Ces kilos « émotionnels » trouvent, en effet, des éléments de compréhension dans la subtilité de signalisation et de régulation du système neuroendocrinien et interrogent sur les effets délétères d’un isolement relationnel aussi long que celui que nous venons de vivre.


Alors, dans quelles mesures l’ocytocine, cette hormone « sociale », peut nous aider à cerner un profil de patient ayant souffert d’une prise de poids durant ce confinement ?


Afin d’apporter un supplément de « solutions humaines » dans votre pratique, je vous propose d’évoquer :

  • Les rôles et mécanismes physiologiques de l’ocytocine ;

  • Ses effets sur le poids et la régulation métabolique ;

  • Le repérage d’un profil de patient « oxytocin-less » ;

  • Quelques stratégies non médicamenteuses de relance ocytocinergique.


SOMMAIRE

INTRODUCTION


RÔLES ET MÉCANISMES PHYSIOLOGIQUES DE L'OXT

- Mécanismes

- Rôles et perspectives thérapeutiques


EFFETS DE L'OXT SUR LE POIDS ET LA RÉGULATION MÉTABOLIQUE

- Impact comportemental sur la prise alimentaire

- Modulation d’axes régulateurs des métabolismes énergétique, glucidique et lipidique


REPÉRAGE D'UN PATIENT "OXYTOCIN-LESS"

- Mauvaise gestion du stress chronique

- Mauvaise perception de la douleur

- Perte de désir et/ou de plaisir sexuel

- Repli sur soi

- Un déterminisme précoce ?


STRATÉGIE NON MÉDICAMENTEUSE DE RELANCE OCYTOCINERGIQUE

- Favoriser une bonne signalisation en ocytocine

- Mesures de santé environnementale


CONCLUSION


RÔLES ET MÉCANISMES PHYSIOLOGIQUES DE L'OXT

Mécanismes


Ce neuropeptide est produit par de grands neurones dits magnocellulaires, capables de sécréter l’ocytocine dans le sang, et, par de petits neurones dits parvocellulaires, ne libérant l’ocytocine que dans le système nerveux central.


On distingue donc :

  • L’OXT libérée dans la circulation (à partir de la posthypophyse) qui agit comme une hormone, notamment sur le sein, l’utérus ou encore le corps caverneux et l’épididyme chez l’homme, mais également les voies digestives, le rein, le cœur, le thymus, le pancréas et les adipocytes ;

  • L’OXT intracérébrale qui joue un rôle dans les émotions et les comportements. Les neuropeptides ont en général une fonction neuromodulatrice lente contrairement aux neurotransmetteurs classiques tels que le glutamate, GABA, acétylcholine avec lesquels l’OXT interagit et dont l’activité est bien plus brève (1).

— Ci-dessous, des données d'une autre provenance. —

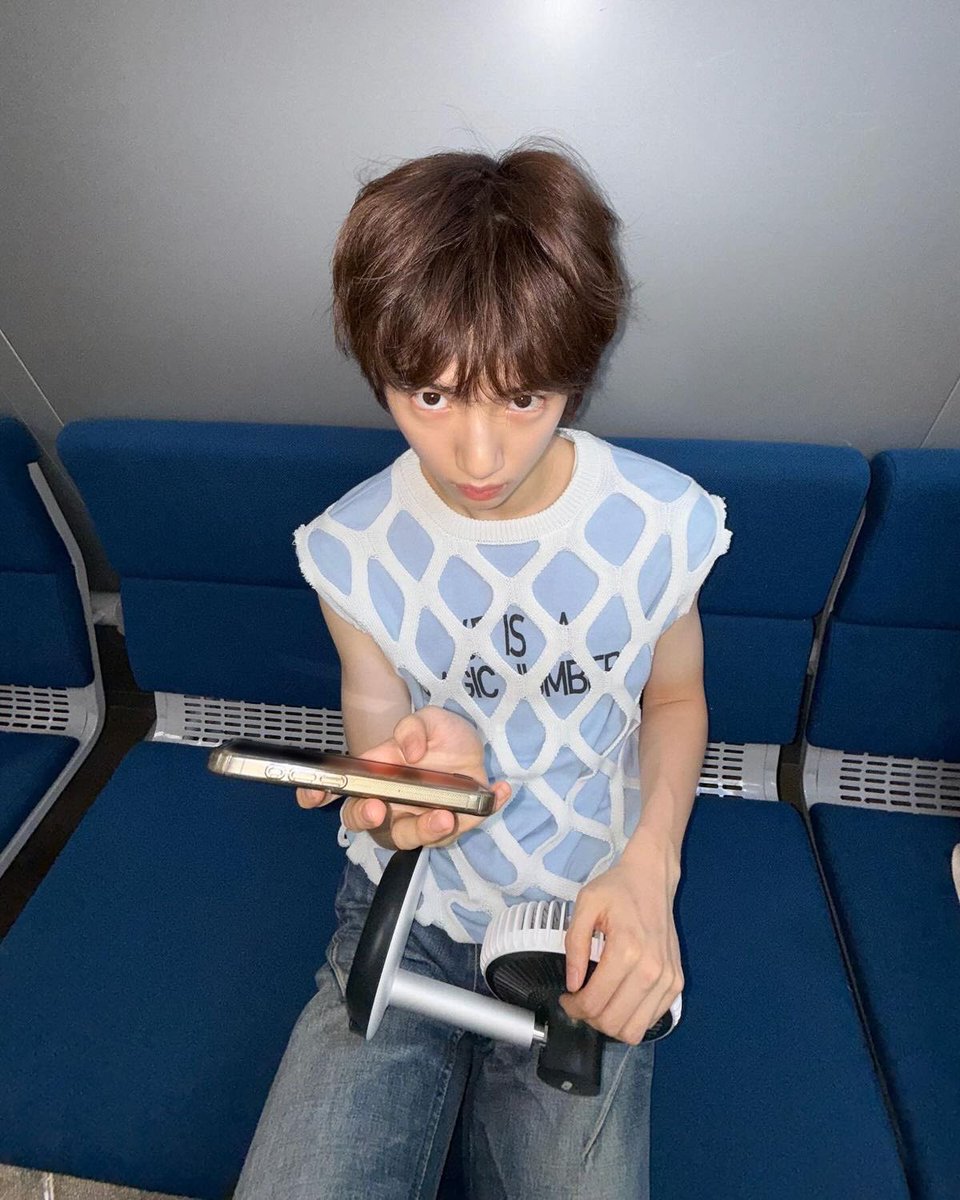 Jjun tweet media
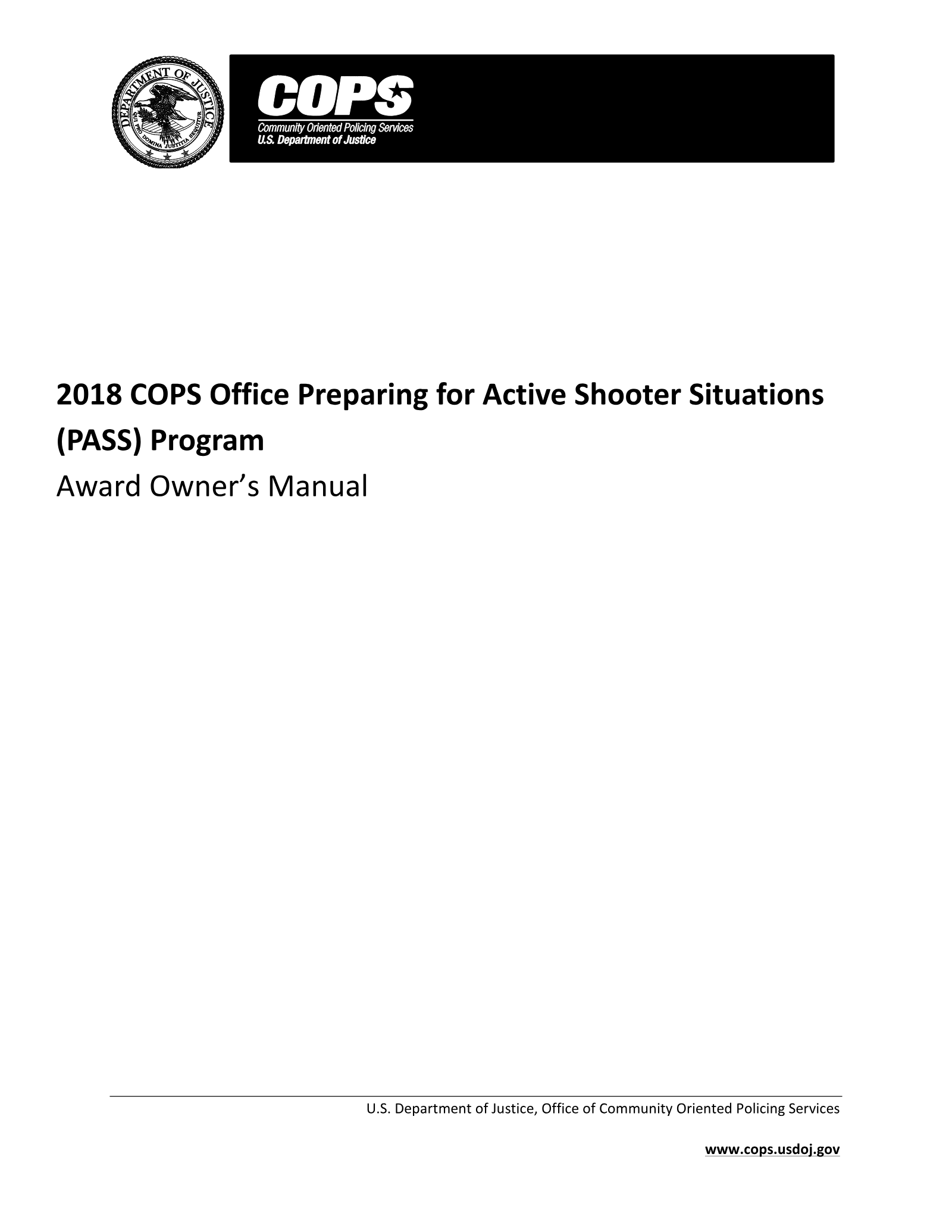 Complete printed PDF page 1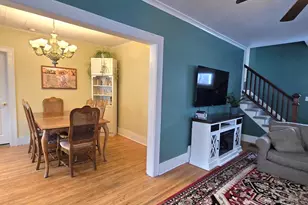 1130 Columbus Ave, Grand Haven, MI 49417 - Photo 12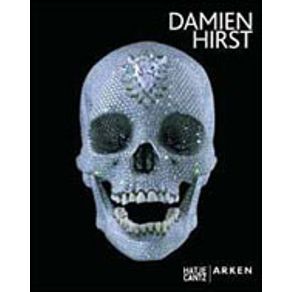 587194_detalhes.jpg 587194_detalhes.jpg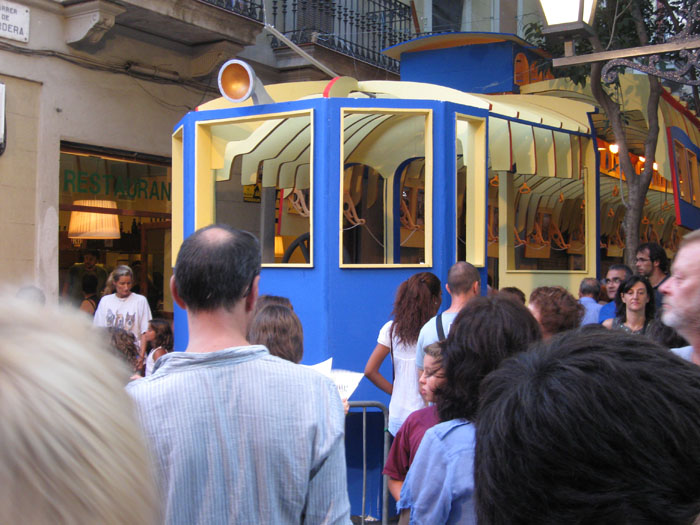 tramgracia1.jpg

Les actions biologiques de l’OXT s'exercent par le biais de récepteurs OXT spécifiques (OXTR) qui appartiennent à la famille des récepteurs couplés aux protéines G, elle-même couplée à la phospholipase C. Les récepteurs pour l’ocytocine sont distribués dans l’ensemble du cerveau cortical et limbique, du bulbe olfactif, en passant par l’hippocampe (mémorisation des informations), l’amygdale (état de vigilance, gestion de la peur), au noyau accumbens (centre de la récompense) (2).


Rôles et perspectives thérapeutiques


D’un point de vue phylogénétique, l’OXT fait partie des synchronisateurs physiologiques permettant l’adaptation du vivant à son environnement (social) en favorisant la survie de l’espèce (mise en confiance vis-à-vis du partenaire favorisant la reproduction, comportement parental permettant la protection de la descendance, sentiment d’appartenance au groupe).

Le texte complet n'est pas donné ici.